Data for review:
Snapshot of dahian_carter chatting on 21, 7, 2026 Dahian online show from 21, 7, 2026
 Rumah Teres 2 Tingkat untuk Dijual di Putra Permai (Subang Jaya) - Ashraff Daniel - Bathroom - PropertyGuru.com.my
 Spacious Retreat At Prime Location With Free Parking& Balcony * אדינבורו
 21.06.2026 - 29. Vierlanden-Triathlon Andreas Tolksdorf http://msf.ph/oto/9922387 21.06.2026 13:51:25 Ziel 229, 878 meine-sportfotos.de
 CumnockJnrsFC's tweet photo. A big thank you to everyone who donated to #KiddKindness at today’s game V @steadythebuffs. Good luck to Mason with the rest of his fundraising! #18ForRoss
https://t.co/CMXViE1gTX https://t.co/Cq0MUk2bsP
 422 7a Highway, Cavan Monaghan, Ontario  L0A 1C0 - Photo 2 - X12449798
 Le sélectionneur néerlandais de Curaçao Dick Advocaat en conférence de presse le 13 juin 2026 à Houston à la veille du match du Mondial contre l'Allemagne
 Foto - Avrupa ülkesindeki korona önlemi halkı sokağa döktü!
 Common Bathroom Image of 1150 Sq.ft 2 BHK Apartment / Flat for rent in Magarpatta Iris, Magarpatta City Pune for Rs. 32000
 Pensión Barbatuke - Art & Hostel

Problem to solve: Write out the listing again. Keep every character the same.

Solution for this problem:
Snapshot of dahian_carter chatting on 21, 7, 2026 Dahian online show from 21, 7, 2026
 Rumah Teres 2 Tingkat untuk Dijual di Putra Permai (Subang Jaya) - Ashraff Daniel - Bathroom - PropertyGuru.com.my
 Spacious Retreat At Prime Location With Free Parking& Balcony * אדינבורו
 21.06.2026 - 29. Vierlanden-Triathlon Andreas Tolksdorf http://msf.ph/oto/9922387 21.06.2026 13:51:25 Ziel 229, 878 meine-sportfotos.de
 CumnockJnrsFC's tweet photo. A big thank you to everyone who donated to #KiddKindness at today’s game V @steadythebuffs. Good luck to Mason with the rest of his fundraising! #18ForRoss
https://t.co/CMXViE1gTX https://t.co/Cq0MUk2bsP
 422 7a Highway, Cavan Monaghan, Ontario  L0A 1C0 - Photo 2 - X12449798
 Le sélectionneur néerlandais de Curaçao Dick Advocaat en conférence de presse le 13 juin 2026 à Houston à la veille du match du Mondial contre l'Allemagne
 Foto - Avrupa ülkesindeki korona önlemi halkı sokağa döktü!
 Common Bathroom Image of 1150 Sq.ft 2 BHK Apartment / Flat for rent in Magarpatta Iris, Magarpatta City Pune for Rs. 32000
 Pensión Barbatuke - Art & Hostel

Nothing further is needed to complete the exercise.